I'm against a tax on sugar for all the reason's Bob-a-rama mentioned. But, I suppose it is progress of a sort if the author of the article has come to finally recognize that becoming/being fat MIGHT NOT be due to some sort of moral failure!

I don't know if he was ever serious about A direct tax on fat people (based on a submitted official BMI report) or if that was just a tongue-in -cheek suggestion. But, such a tax would only push fat people towards consuming an even higher ratio of cheap carb-laden processed crap as they would have even less money in their pockets to splurge on more-expensive high quality REAL food.
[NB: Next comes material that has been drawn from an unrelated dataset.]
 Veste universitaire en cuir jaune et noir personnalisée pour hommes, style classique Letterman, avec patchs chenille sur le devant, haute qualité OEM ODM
Maybe what we really need is for someone to figure out how to ensure that unprocessed foods cost less to purchase than processed (convenience) stuff.

One would THINK that it would cost more to buy processed (pre-made) convenience foods than the "raw" (as it comes from the field) materials to make one's own. But sadly, that is often NOT TRUE.

Big buyers (i.e. food manufacturers) get a major price break on the cost of their raw materials...and then they save more money by bulking up their processed stuff with cheap sugar, corn syrup, and grains. When you purchase tons of tomatoes right out of the field, you don't pay anywhere NEAR the supermarket price per pound. Plus, it doesn't matter to the bulk purchaser if there are a bunch of misshapen, green, and bug eaten tomatoes among the truck-load. It's all going to look the same once chopped and processed with a bunch of sugar and chemical flavorants and preservatives added.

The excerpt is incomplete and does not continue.